Amiante : jusqu’à 100 000 décès attendus d’ici à 2050

, par  Delphine Delarue

Selon un récent rapport du Haut Conseil de la santé publique (HCSP), l’amiante, largement utilisé pendant des décennies en France dans les secteurs de la construction et de l’industrie, pourrait être responsable de la mort par cancer de dizaines de milliers de personnes dans les années à venir.

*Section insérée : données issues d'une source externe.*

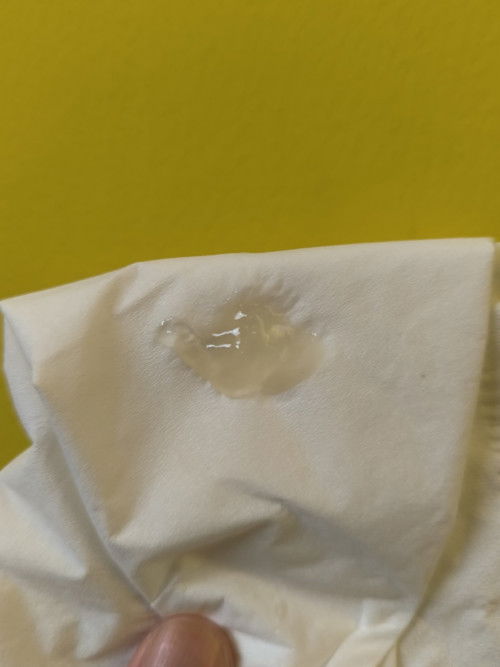 Usia kehamilah 39 minggu mulai keluar seperti lendir cukup banyak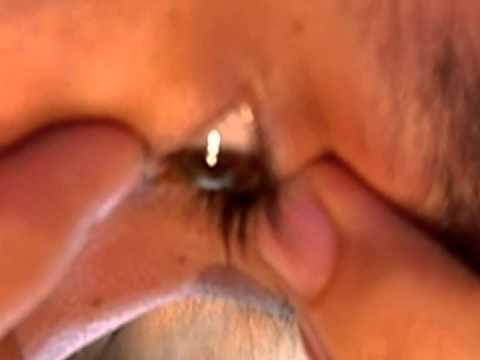 Extraction of a DRL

L’amiante, cette fibre minérale naturelle massivement utilisée en France comme isolant bon marché pendant des décennies, n’a pas fini de faire parler de lui : d’après un récent rapport du Haut Conseil de la santé publique (HCSP), entre 68 000 et 100 000 décès pourraient lui être attribués d’ici à 2050. Dans le détail, l’estimation du nombre de morts attendu serait de l’ordre de 50 000 à 75 000 par cancer du poumon, chiffres auxquels s’ajoutent les 18 000 à 25 000 autres décès dus au mésothéliome (un cancer de la plèvre attribué à l’amiante dans 80 % des cas), et ce « sans compter d’autres cancers tels que ceux du larynx ou des ovaires pour lesquels la responsabilité de l’amiante a été confirmée par le Circ (Centre international de recherche sur le cancer, NDLR) en 2009 », ajoute le rapport. Le HCSP précise en outre que le matériau a déjà causé, entre 1995 et 2009, le décès de 61 300 à 118 400 personnes, alors qu’il est interdit dans notre pays depuis 1997. Les cancers qu’il provoque n’apparaissent en effet que de nombreuses années après l’exposition (vingt à quarante ans, voire plus).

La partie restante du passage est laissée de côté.